Dans ses déclarations aux enquêteurs, Joseph Chanel a affirmé, qu'au cours de l'opération Harpie, ces derniers mois, il pouvait, en dépit d'un barrage filtrant sur la rivière Camopi, passer en pirogue avec sa marchandise sans être inquiété. D'ailleurs, le 5 août dernier, ce ne sont pas des gendarmes mais "des jeunes Amérindiens" de Camopi qui l'ont "interpellé" avec, dans sa pirogue, 5 sacs de denrées destinés à des sites clandestins. Ces cinq sacs "saisis" par ces jeunes Amérindiens ont ensuite été emmenés à la gendarmerie de Camopi. Convoqué par cette brigade, le 18 août, le maire, mis en garde à vue, a reconnu « des transports de marchandises, ces 10 derniers mois, chaque semaine contre un paiement en or sur les sites aurifères » a expliqué hier le président du tribunal Stéphane Rémy. De l'or qui était ensuite écoulé à Cayenne, chez des hôteliers, a encore indiqué M. Chanel aux enquêteurs.

A l'audience, le prévenu est largement revenu sur ses déclarations, indiquant que ses activités illicites dont l'orpaillage clandestin et le transport de denrées « avaient duré 10 mois en 2004 » et que son « faux-pas » du 5 août n'était qu'un acte isolé « dû à son absence de revenus depuis sa défaite aux municipales en mars ». Dans cette commune isolée, sans offre d'emplois, « la quasi-totalité des habitants vivent du RMI, de chasse et de pêche et d'agriculture » a rappelé son avocate Muriel Prévot ajoutant « à 58 ans, monsieur Chanel ne va pas y retrouver un emploi, il a encore 4 enfants à charge. Il a agi par nécessité ».

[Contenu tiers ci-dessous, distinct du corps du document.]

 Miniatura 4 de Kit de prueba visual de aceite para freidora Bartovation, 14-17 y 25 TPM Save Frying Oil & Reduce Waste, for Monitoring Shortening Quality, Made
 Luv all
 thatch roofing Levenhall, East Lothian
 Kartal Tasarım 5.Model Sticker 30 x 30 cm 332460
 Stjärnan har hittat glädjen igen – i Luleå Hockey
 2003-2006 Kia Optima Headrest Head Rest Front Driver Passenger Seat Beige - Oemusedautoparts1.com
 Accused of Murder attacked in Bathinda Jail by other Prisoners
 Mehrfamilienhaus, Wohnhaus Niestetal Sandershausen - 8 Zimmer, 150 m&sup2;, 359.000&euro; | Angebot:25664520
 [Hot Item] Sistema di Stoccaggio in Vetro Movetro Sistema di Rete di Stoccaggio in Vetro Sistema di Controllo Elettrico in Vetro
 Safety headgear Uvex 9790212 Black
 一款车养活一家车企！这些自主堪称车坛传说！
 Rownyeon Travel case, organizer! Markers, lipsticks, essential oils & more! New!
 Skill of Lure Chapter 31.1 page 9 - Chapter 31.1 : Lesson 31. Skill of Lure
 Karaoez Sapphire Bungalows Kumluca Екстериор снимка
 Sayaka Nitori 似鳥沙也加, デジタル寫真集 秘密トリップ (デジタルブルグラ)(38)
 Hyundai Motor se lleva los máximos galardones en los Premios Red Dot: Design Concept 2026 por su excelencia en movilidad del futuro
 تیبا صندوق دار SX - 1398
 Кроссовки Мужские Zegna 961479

Plus sévère, la représentante du ministère publique a considéré que monsieur Chanel « méprise la loi française » en s'exonérant « de demander des autorisations d'exploiter l'or » et que ce trafic de transports de denrées sur 10 mois lui aurait rapporté, selon les propres déclarations de l'intéressé « environ 2 kilos d'or » vendus 14 euros le gramme à Cayenne où il se rendait « via des liaisons aériennes payées par la municipalité ». Elle avait requis un an ferme assorti de six mois avec sursis. Le tribunal l'a modérément suivie en condamnant Joseph Chanel à 10 mois avec sursis et en le libérant de sa mise sous écrou décidée mercredi. Le 11 février, Joseph Chanel avait conclu son discours au Président Nicolas Sarkozy par cette pensée amérindienne : « ce n'est que lorsqu'il aura fait tomber le dernier arbre, consommé la dernière ressource, pêché le dernier poisson, que l'homme prendra conscience que l'argent n'est pas comestible ».